269. Четвертая заповедь и сектантская пропаганда

Три с половиной тысячи лет прошло с тех пор, как на Богошественном Синае были даны великому пророку Божию Моисею Богописанные скрижали с десятью заповедями закона Божия; все пророки Божии, все богоугодные люди на протяжении многих веков повторяли их, разъясняли, учили прилагать к жизни; наконец Сам Господь пророков, Сама Воплощенная Мудрость Божия, Спаситель наш Иисус Христос раскрыл во всей полноте весь смысл сих заповедей; казалось бы, как после всего этого еще не понимать, не усвоять всем сердцем животворящий смысл их, тем более, что и благодать Божия, даруемая нам от Духа Божия по заслугам Господа Иисуса Христа, всегда готова помочь нам не только умом усвоять, но и делом исполнять сии заповеди?
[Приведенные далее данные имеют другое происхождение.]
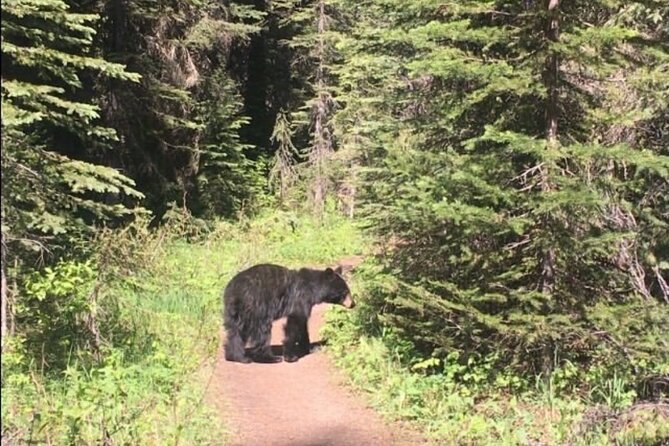 Paget Lookout and Sherbrooke Lake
Но, видно, так излукавилось сердце грехолюбивое, что и поныне от многих остается прикрыт истинный и спасительный смысл их, а может быть, люди, сами того не замечая, руководимые своими грехолюбивыми стремлениями, притворяются и обманывают сами себя, будто надо понимать заповеди Божии не по изъяснению их Самим Господом, не по разуму Церкви – нашей матери-наставницы, а по своему убогому разумению. Глубоко сердце человеческое, и как часто человек, руководимый тайными влечениями страстей, думает, что служит он Богу, тогда как служит своим же страстям!

И вот мы, недостойные служители Церкви, вынуждаемся в сотый, в тысячный раз повторять и разъяснять одно и то же, но снова и снова слышим те же вопросы и недоумения: как следует исполнять ту или другую заповедь Божию?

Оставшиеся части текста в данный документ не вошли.